DéfinitionLe Son sur film

Le succès du Cinéma Parlant dû à l’invention du Vitaphone pousse les autres studios de production à s’intéresser à cette avancée technologique. En 1927, la Fox Film Corporation développe la technique du son enregistré sur pellicule argentique. Cependant le son se dégrade avec l’usure des copies et il devient alors inaudible. En 1928, la Radio Corporation of America (entreprise américaine technologique et électronique) développe le Photophone qui est une technique de reproduction sonore sur pellicule, résistant mieux à l’altération des pellicules.

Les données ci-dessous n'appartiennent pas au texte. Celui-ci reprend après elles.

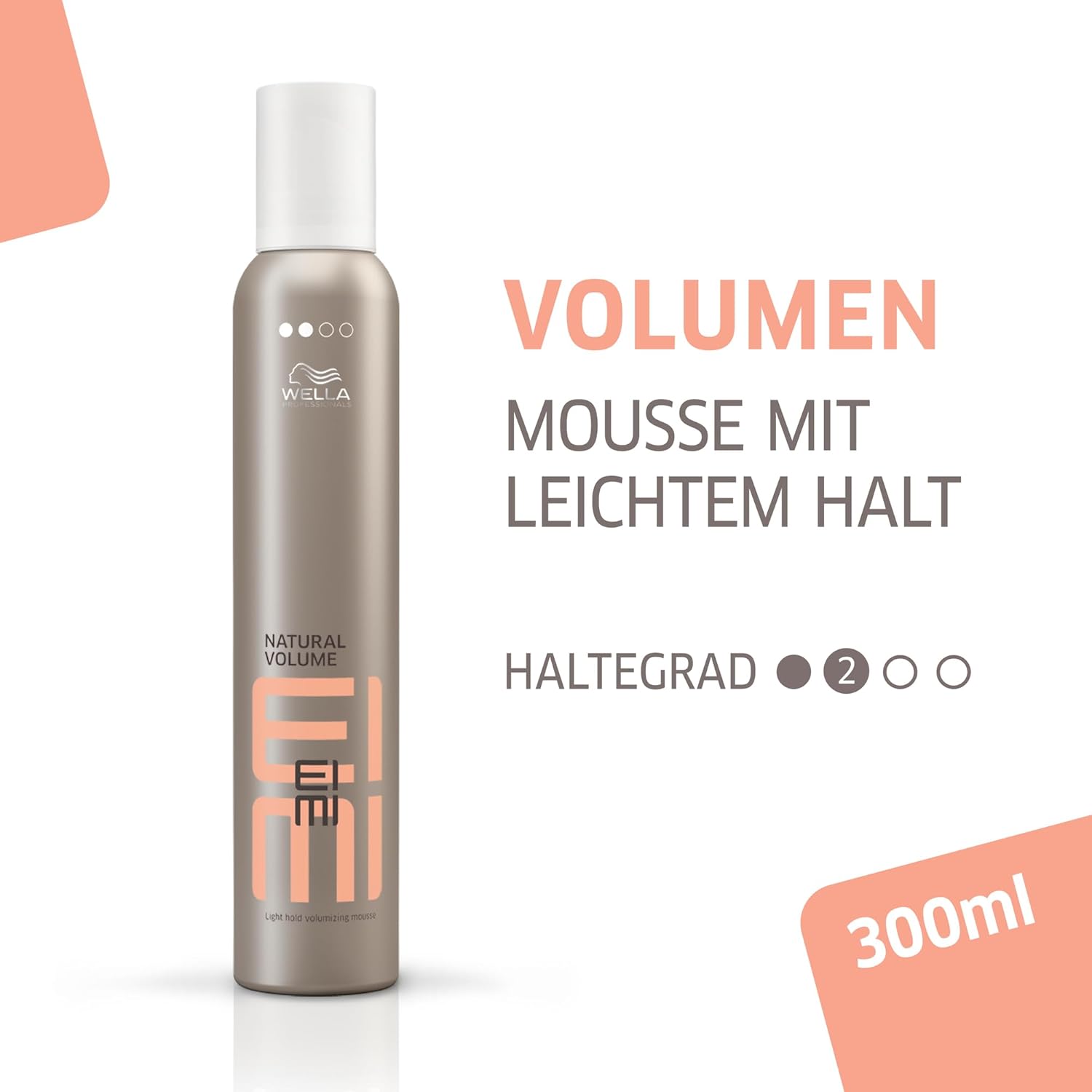 Thumbnail 2 de Wella Eimi Natural Volume Volume-Mousse für natürliches Volumen mit flexiblem Halt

Le photophone ; la bande sonore sur pellicule

Source : RDVC

Arrivée de la couleur au Cinéma

Les procédés de coloriage, l’exemple de Georges Méliès

Dès la naissance du Cinéma, les films en couleurs sont d’ores et déjà existants. Le plus ancien procédé technique de colorisation de films se nomme le procédé de coloriage. Il est utilisé à partir de 1895. Ce procédé consistait à peindre les pellicules, au pinceau, image par image. Méliès a fait usage de ce moyen dès 1897. Ses films rappelant la féerie de la magie, la couleur venait accentuer cet univers. Les pellicules coloriées étaient vendues uniquement à la clientèle la plus riche, autrement ils étaient conservés en noir blanc. Conscient qu’il allait appliquer la technique de colorisation au pinceau, la mise en scène, le décor et le maquillage étaient pensés en amont. Méliès déterminait au préalable les couleurs, qui étaient ensuite appliquées en usine. De nos jours, ce procédé est appelé l’étalonnage en postproduction. C’est dans l’atelier de Élisabeth Thuillier au 87 rue du Bac, à Paris que les films étaient colorisés.

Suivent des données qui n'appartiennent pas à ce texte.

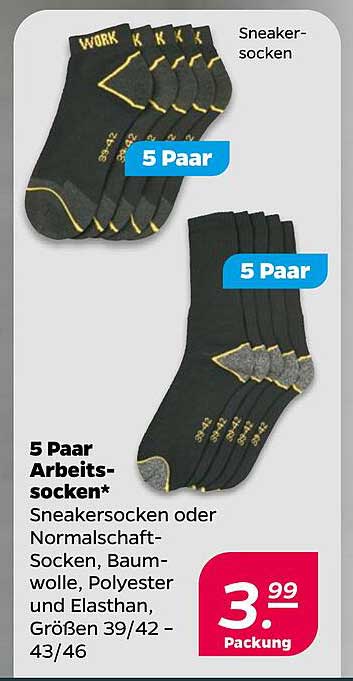 5 Paar Arbeitssocken*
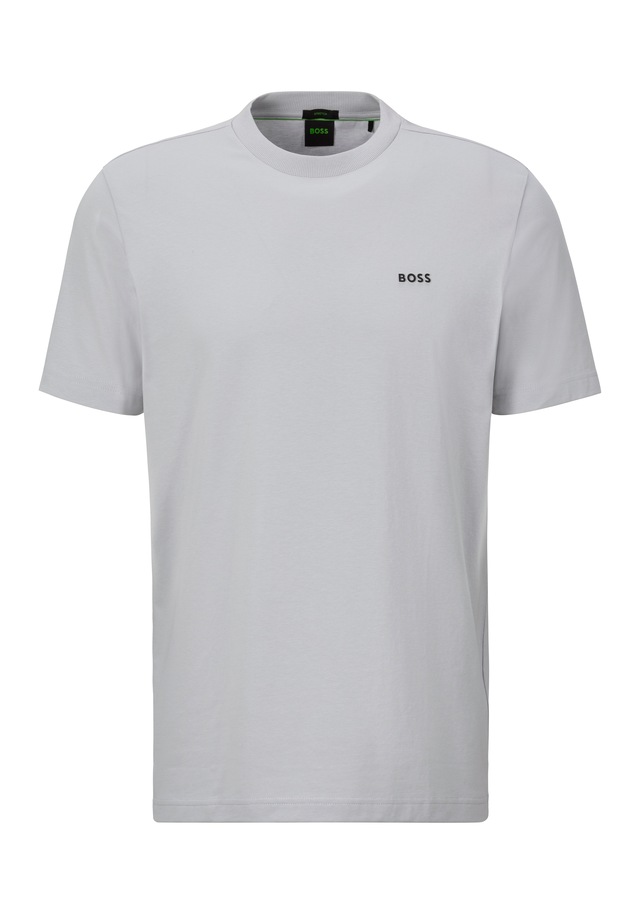BOSS GREEN »Tee Regular Fit« Stretch Jersey Cotton, Logo on Chest, Rundhals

« Le coloriage était entièrement fait à la main. J’occupais deux cents ouvrières dans mon atelier. Chacune d'elle recevait un franc par journée de travail. Je passais mes nuits à sélectionner et à échantillonner les couleurs. Pendant le jour, les ouvrières posaient la couleur, suivant mes instructions. Chaque ouvrière spécialisée ne déposait qu’une couleur. » Élisabeth Thuillier - Extrait tiré du journal L’Ami du Peuple (du Soir) - 13 décembre 1929).

Charlie Chaplin utilisait de même ce procédé, dans ses propres usines.

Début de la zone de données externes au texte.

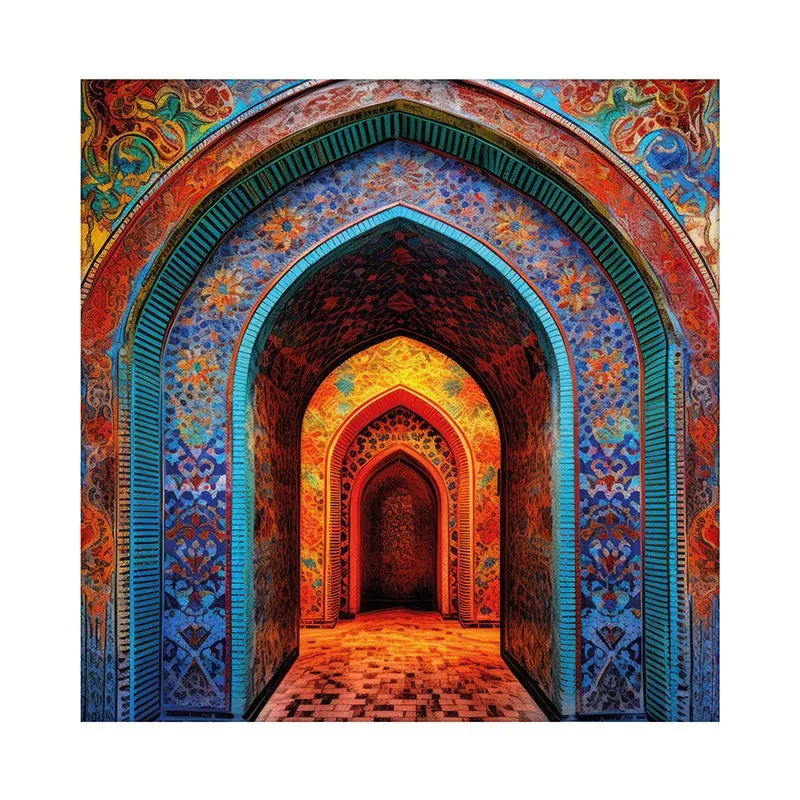 Infinity Of Arcs Canvas Wall Painting media 3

DéfinitionLe Chronochrome de Léon Gaumont

À partir de 1900, des caméras sont fabriquées et le système de couleurs y est directement intégré. En 1913, Léon Gaumont sort le chronochrome. Cette caméra sera optimisée plus tard dans les années 1920. Il s’agit d’une caméra qui est composée de trois objectifs, équipés respectivement d’un filtre rouge, vert, bleu, les trois couleurs primaires, relatives à la vision trichromatique chez l’être humain, soit les trois couleurs auxquelles l'œil humain est sensible.

Chronochrome de Léon Gaumont

Source : ANTIQ - PHOTO

FondamentalLe Technicolor Trichrome

En 1932, Helbert Calmus, scientifique américain fabrique la caméra Technicolor Trichrome. Président de la Technicolor Motion Picture Corporation, entreprise spécialisée dans le processus de colorisation au Cinéma, son entreprise tient une place fondamentale dans l’industrie cinématographique hollywoodienne. En 1932, il met au point le Technicolor Trichrome, une caméra qui filme tout en couleur. Cette caméra est régie par trois négatif noir et blanc en même temps, sur les trois négatifs. Chaque négatif est respectivement sensible au rouge, vert et bleu. Lors du tirage final, les images se superposent les unes sur les autres. Il s’agissait d’un procédé technique méticuleux, mais qui donnait un rendu d’une excellente qualité. Grâce à cette caméra, l’entreprise Technicolor Motion Picture Corporation est l’une des plus puissantes d’Hollywood.

De plus, d’un point de vue marketing, les producteurs travaillant avec l’entreprise avaient pour obligations contractuelles de communiquer massivement autour de la société. Il était imposé au producteur de films, de faire apparaître sur les bandes annonces ou les affiches « À Technicolor Motion Picture » (un film en technicolor).